Novar rolled off his back, and sat hunched over on the cot’s bench. They had given him clean, albeit poor, clothes to replace his bloodied ones. He looked at her, then back down at his feet. “You wouldn’t understand,” he said.
Raya nodded her head. “I would,” she said.
“Tella was going to leave Olston,” he said. “She wanted to go to the city.”
“Why is that grounds for… this?”
Novar shrugged. “I’m not like you,” he said. “Running out of the town every day, ranging out to Vagren when they ask you too. You got lucky, Raya. You always do. Tella was going to leave, and if I didn’t go with her, she would leave me too.”

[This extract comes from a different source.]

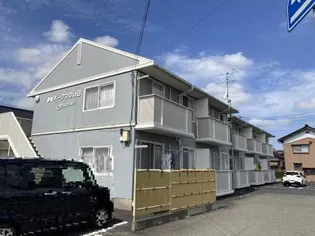 オーク津ノ井フレグランス Aの画像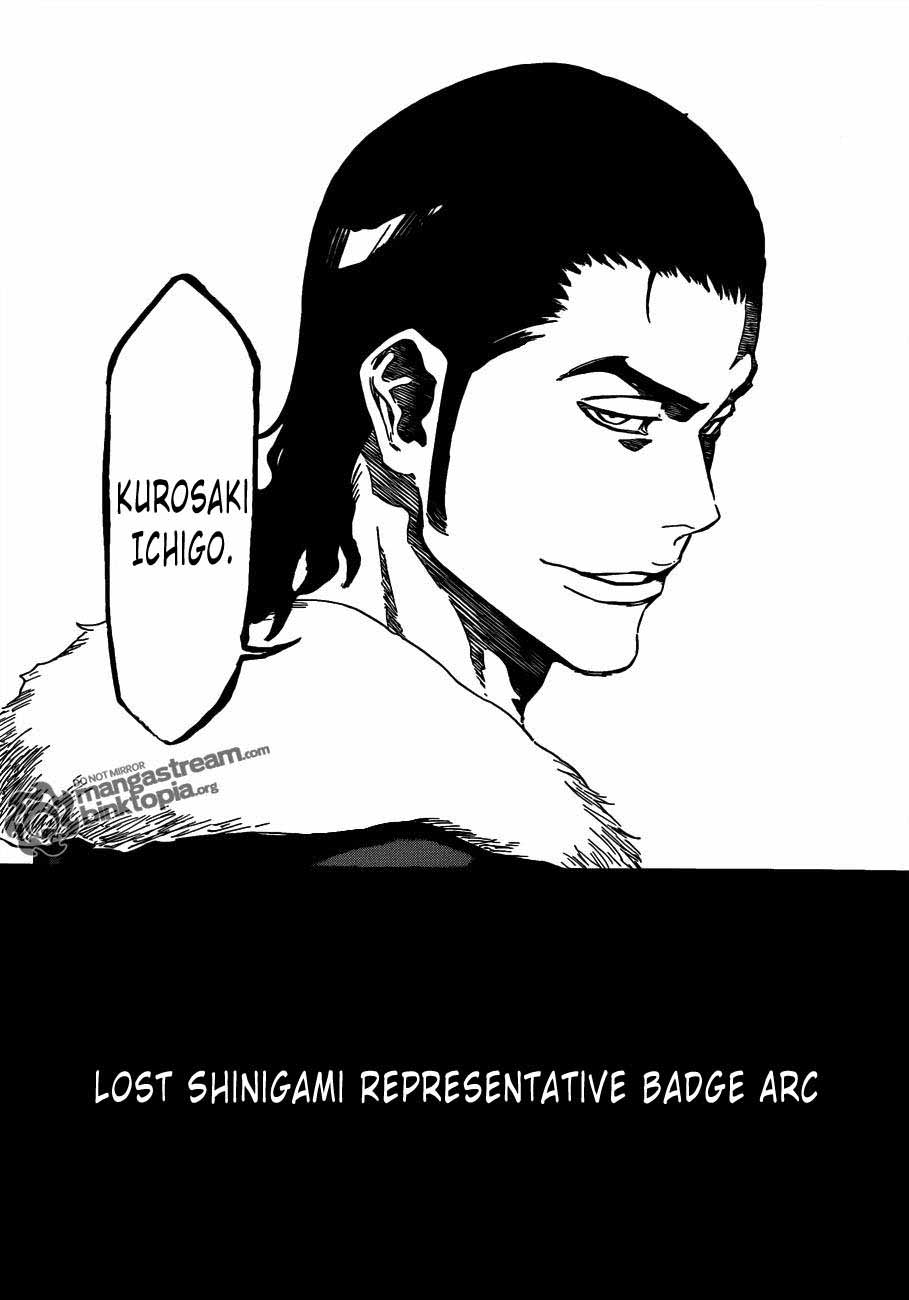 Bleach Bab 424 halaman 24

He fell silent, and Raya didn’t speak. He looked so sad, and so ashamed. He couldn’t stand to look at her.
“I didn’t think. All I could feel was terror, terror at the very thought of being alone…” he trailed off, then, before Raya could speak, added, “Here or out there.” He rested his head on his knees, and she couldn’t even see his breathing, just the still bump of his back.

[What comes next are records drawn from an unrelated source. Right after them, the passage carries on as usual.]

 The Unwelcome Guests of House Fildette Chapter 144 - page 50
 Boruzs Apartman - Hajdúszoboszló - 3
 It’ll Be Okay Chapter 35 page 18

Raya almost turned to go. “Is there anything I get you, anything you want?”
Novar looked up. “Thank you,” he said quietly. “But I just want it all to be over with. I wish I had just gone—dying out there with her would have been better than… well, what I’ve done.”
“See you soon, Novar,” Raya said. She would visit him again, just to keep him company.
Hemsten was walking toward the guardhouse when she left. He was wearing simple clothes, not his on duty armour. He looked grim, but not sad. “I just talked with a few members of the Council,” he told Raya, when he saw her. “Your brother’s to have a public trial a month from today, on the 26th of the next Moon. Will you testify at it, if they call for you?”
“I will,” Raya said, quietly. “It’s the right thing to do.”
Hemsten shook his head. “He should have just left town…” he said, as he brushed past Raya and went into the guardhouse.